Leaked CBAM benchmarks provide some clarity, more uncertainty

The European Commission’s long-awaited draft CBAM benchmark values were provided in a leaked document this week, giving EU importers a crucial number they need to calculate steel import cost from 1 January 2026. They remain subject to revision before finalising and have been called into question by some industry sources, Kallanish notes.

The benchmarks are provided in two columns, A for use when applying the actual emissions intensity data provided and verified by a non-EU steelmaker, and B for use with default values when actual data is not available.

In the case of A, one benchmark value is provided per HS code. However, the document stipulates the requirement to select a production route.

If more than 50% of mass of the crude steel produced or used is sourced from scrap, the production route to be selected is scrap/EAF. If more than 50% of mass of the crude steel produced or used is sourced from DRI, the production route to be selected is DRI/EAF. If more than 50% of mass of the crude steel produced or used is sourced from a blast furnace or smelting reduction route, the production route to be selected is BF/BOF.

If neither of the three routes above contribute more than 50% of the final steel, the production route is selected based on the component contributing the highest mass of the steel, the leaked document says.

Column B provides multiple benchmark values per HS code divided by production process – BF-BOF, DRI/EAF and scrap/EAF.

The basic formula to calculate CBAM cost per tonne of steel imported is:

Actual or default embedded emissions – (corresponding emission benchmark x CBAM factor) x EU ETS price – carbon tax paid.

Taking Indian hot rolled coil as an example, when using default emissions data and therefore a default emissions benchmark of 1.53 tonnes CO2/tonne of steel and country-specific default emissions value of 4.27tCO/t, and assuming a €80/tonne ETS price, the CBAM cost comes to €222.26/tonne in 2026. This is with a CBAM factor – or phase-in rate – of 97.5%, which deceases each subsequent year till it reaches zero in 2034, increasing the cost of import.

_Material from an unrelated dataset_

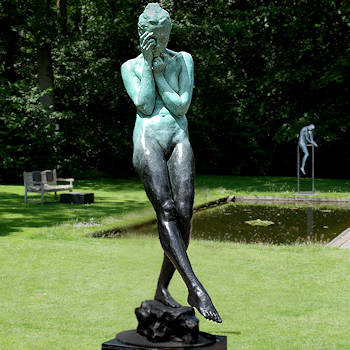 Vision | model-mensen beeld in brons van Jana Buttner koopt u nu online! ✓Hoogste kwaliteit & service ✓Veilig betalen ✓Gratis verzending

For many, however, the leak provides more questions than answers. Although the document lays out detailed rules for actual data that determine how the production route should be selected, “column A contains only one value per product – so the rules have no practical function,” Moravia Steel deputy commercial director Daniel Biedrawa points out in a LinkedIn comment.

For default/column B benchmarks, there are multiple values reflecting different production routes, but the document provides no guidance on how the appropriate route should be chosen. “In other words, the rules exist where they are not needed and are missing where they are essential,” he adds.

GTG Consulting managing partner Luigi Villani meanwhile notes: “Column B remains more relevant because it is the only method that can be fully verified with real data. The iterative method would require proving the ‘precursor of the purchased precursor’, which is not possible in practice, so Column B provides the correct and demonstrable outcome.”

Market participants will be hoping for official European Commission notifications in the short term to dispel some of the uncertainty.